| Literature DB >> 35222846 |
Fabián Suarez-Leston1,2, Martin Calvelo1,3, Gideon F Tolufashe4, Alicia Muñoz2, Uxía Veleiro2, César Porto1, Margarida Bastos4, Ángel Piñeiro2, Rebeca Garcia-Fandino1,4.
Abstract
Host defense peptides (HDPs) are short cationic peptides that play a key role in the innate immune response of all living organisms. Their action mechanism does not depend on the presence of protein receptors, but on their ability to target and disrupt the membranes of a wide range of pathogenic and pathologic cells which are recognized by their specific compositions, typically with a relatively high concentration of anionic lipids. Lipid profile singularities have been found in cancer, inflammation, bacteria, viral infections, and even in senescent cells, enabling the possibility to use them as therapeutic targets and/or diagnostic biomarkers. Molecular dynamics (MD) simulations are extraordinarily well suited to explore how HDPs interact with membrane models, providing a large amount of qualitative and quantitative information that, nowadays, cannot be assessed by wet-lab methods at the same level of temporal and spatial resolution. Here, we present SuPepMem, an open-access repository containing MD simulations of different natural and artificial peptides with potential membrane lysis activity, interacting with membrane models of healthy mammal, bacteria, viruses, cancer or senescent cells.
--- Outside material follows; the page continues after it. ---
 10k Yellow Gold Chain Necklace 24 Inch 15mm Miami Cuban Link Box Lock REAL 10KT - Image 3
In addition to a description of the HDPs and the target systems, SuPepMem provides both the input files necessary to run the simulations and also the results of some selected analyses, including structural and MD-based quantitative descriptors. These descriptors are expected to be useful to train machine learning algorithms that could contribute to design new therapeutic peptides. Tools for comparative analysis between different HDPs and model membranes, as well as to restrict the queries to structural and time-averaged properties are also available. SuPepMem is a living project, that will continuously grow with more simulations including peptides of different sequences, MD simulations with different number of peptide units, more membrane models and also several resolution levels. The database is open to MD simulations from other users (after quality check by the SuPepMem team). SuPepMem is freely available under https://supepmem.com/.Entities:
Keywords: Antimicrobial peptides; Database; Host defense peptides; Innate immune system; Machine learning; Membrane; Molecular dynamics simulations
Year: 2022 PMID: 35222846 PMCID: PMC8844400 DOI: 10.1016/j.csbj.2022.01.025
Source DB: PubMed Journal: Comput Struct Biotechnol J ISSN: 2001-0370 Impact factor: 7.271
Fig. 1A. SuPepMem main page and schematic model of the interaction between HDPs with different membrane models. Each color represents a different lipid type. B. Schematic representation of the SuPepMem workflow.
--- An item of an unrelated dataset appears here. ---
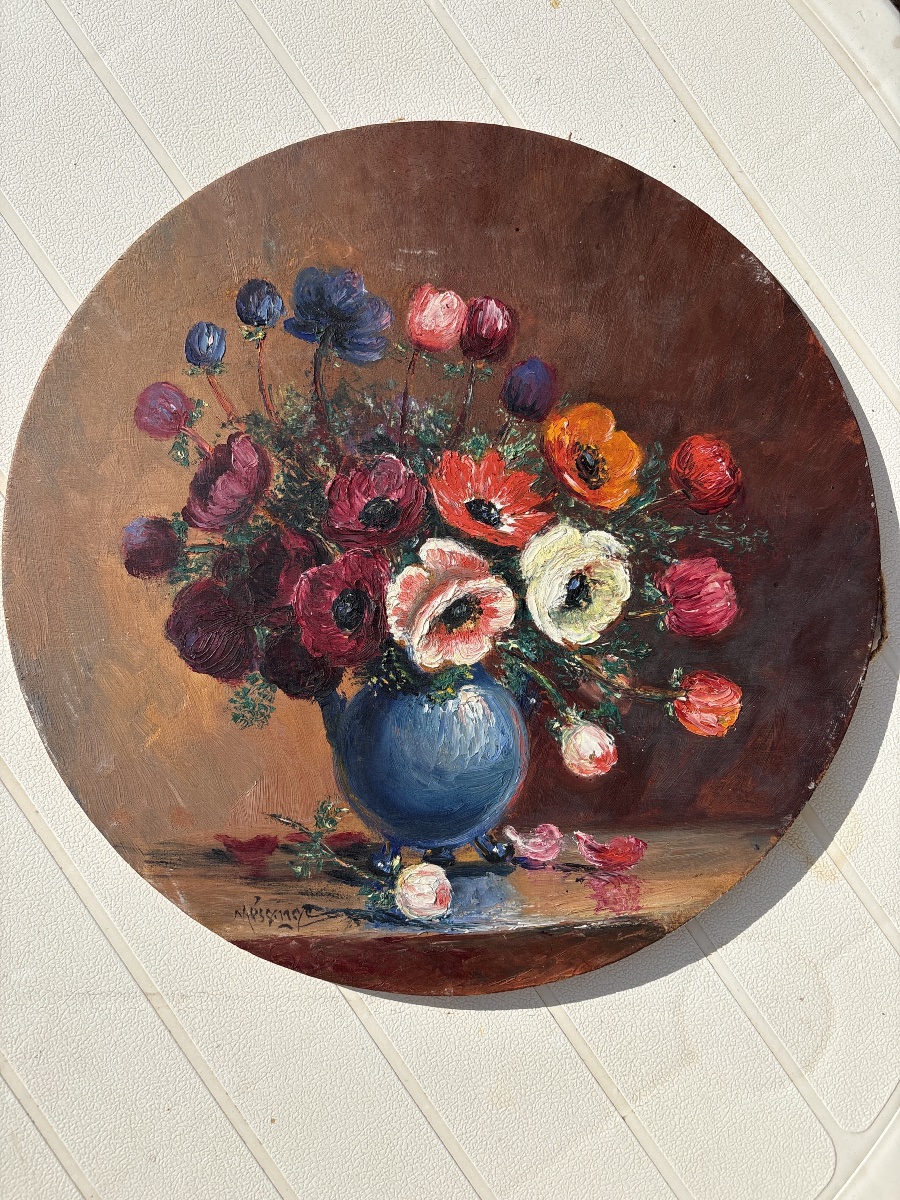 Pair Of Paintings Depicting Bouquets Of Flowers -photo-2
Fig. 2A. Example of an analysis of the initial structure of one of the peptides included in SuPepMem database. Helical wheel representation [41], 2D, and 3D representations of each peptide are shown, together with the sequence, number and type of residues, total charge and electrostatic and hydrophobic dipolar moments with their longitudinal and transversal components. The topology and coordinate files of the peptides in GROMACS format can be directly downloaded. B. Analysis of the initial structure of one of the membrane models included in SuPepMem database, corresponding to a cancer model. The composition of the membrane is represented indicating the name, structure and charge for each type of lipid per leaflet. The topology and coordinate files of the corresponding lipids in GROMACS format can be directly downloaded.
Fig. 3Screenshot of the Advanced Search functionality. It is possible to filter trajectories as a function of many parameters including (A) components of the systems (name, sequence or structural properties of the peptides or lipids) or parameters of the MD simulation (water model, electric field, pressure, temperature, force field, simulation length and MD software used). B. It is also possible to search by property obtained from the analysis of the interaction between the peptides and the membrane models (MD-based quantitative descriptors). More filters can be added (or deleted).
Fig. 4Example of the analysis of an individual trajectory providing MD-based quantitative descriptors for different properties: area per lipid, bilayer thickness, the Z coordinates of the different component of the system, the number of contacts between the different type of residues and lipids, the angle between the helical axis and the normal to the membrane plane (tilt) and peptide lateral and rotational displacement distributions at different time windows (PepDF). All these descriptors can be downloaded into a JSON file. A graphic representation of different analyses extracted from the trajectory can be also visualized, organized in different subsections: Peptide analyses, lipid analyses and lipid-peptide analyses (Fig. S4-S6).